Speed Humps, which are normally an annoyance, I can report are SUPER annoying when you having a contraction.  I can also report when a dump truck stops right in front of you and starts to back up and take its time getting ready for its days’ work…That’s annoying as well. 

When Ryan and I arrived at the hospital, we had trouble finding the Women and Infant entrance.  “It’s okay,” I told him, “We can drive around the building.”  I didn’t feel like the situation was dire.  It’s funny how it only takes a few minutes for things to change.

After circling the building, Ryan parked at an entrance to go in and ask.  It was while he was gone, I had a pretty hard contraction and found myself whining outloud, “Hurry Ryan.  Hurry Ryan”.

He came running back and reported we were in the right spot.

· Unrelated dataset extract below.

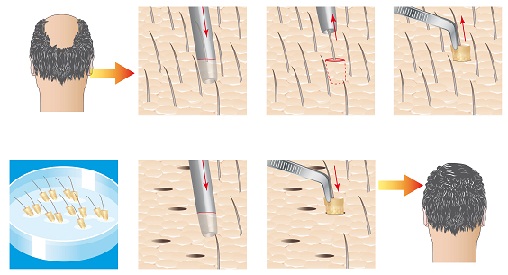 Top 9 Hair Transplant Centers In Chennai | I Fashion Styles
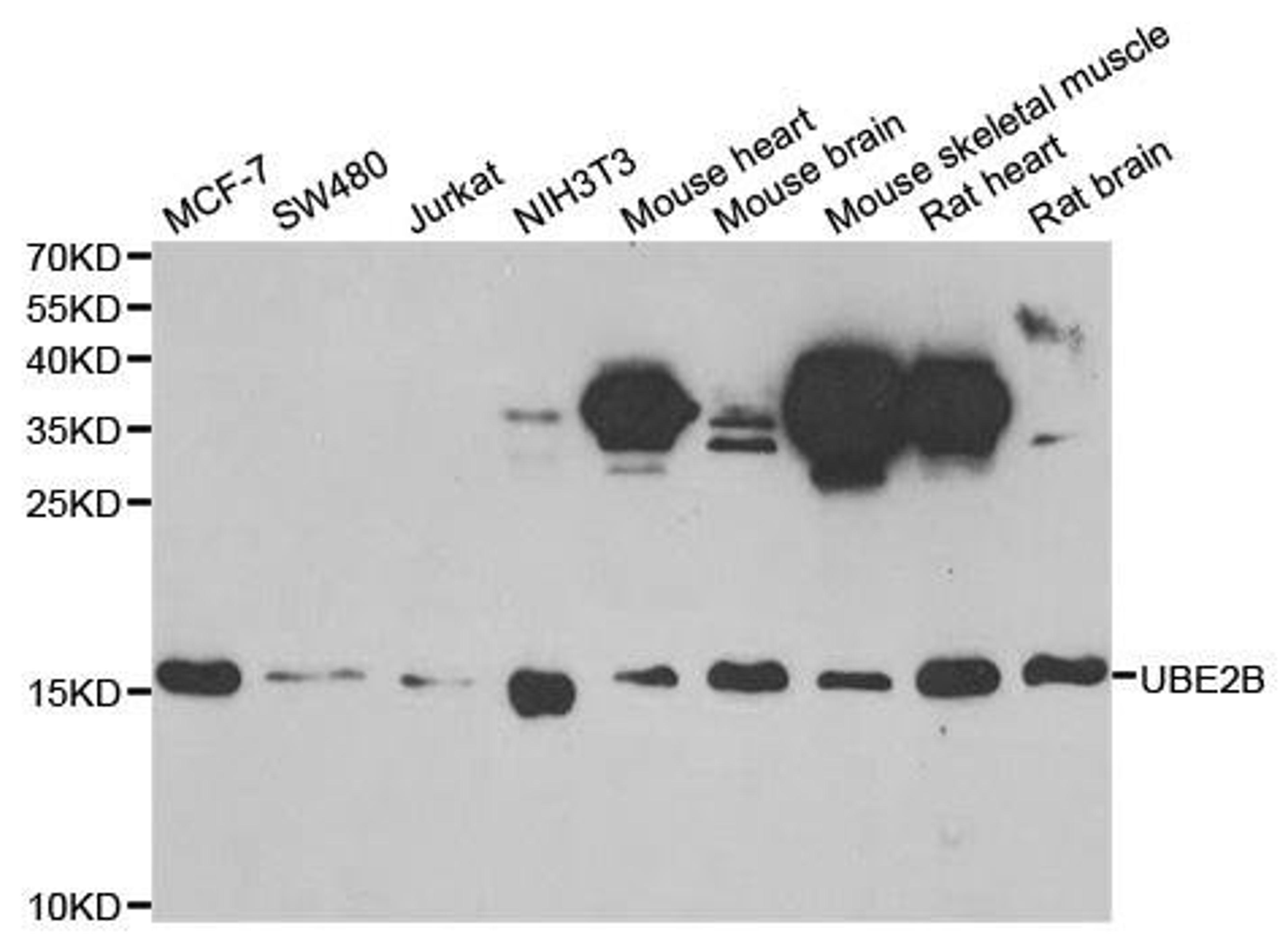 Western blot analysis of extracts of various cell lines using UBE2B antibody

I got out of the car and started to walk in the entrance and had another contraction.  I just stood there until Ryan asked, “Do you want to lean on something until it is over?”  That sounded like a fine idea, so I leaned on a nearby newspaper vending machine until it was done.  We started walking again and a stranger asked if I needed a wheelchair.  I told him I would be okay.

We got in the elevator and experienced another contraction on the way to the third floor.  We went to the intercom on the third floor.  Ryan announced “My wife is in labor” and they told us we had to go to the second floor.  I didn’t say anything, but I was not thrilled about having to get back on that same dang elevator.  : )

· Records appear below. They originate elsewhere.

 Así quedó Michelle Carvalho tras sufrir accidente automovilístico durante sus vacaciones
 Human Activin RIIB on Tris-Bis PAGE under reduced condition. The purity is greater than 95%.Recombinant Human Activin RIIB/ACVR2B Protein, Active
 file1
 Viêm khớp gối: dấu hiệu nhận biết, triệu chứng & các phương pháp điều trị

We got to the second floor, answered questions and signed paperwork between contractions.  At that point we were taken to a triage/screening room.

Labor – Emotional Sign Posts
The Bradley Method teaches the Emotional Sign Posts of Labor. In other words, ways to tell where a woman is at in labor based on how she is behaving. One of the most notable sign posts is the “Self Doubt” stage a woman reaches when she is in Transition (5 centimeters – 10 centimeters dilated).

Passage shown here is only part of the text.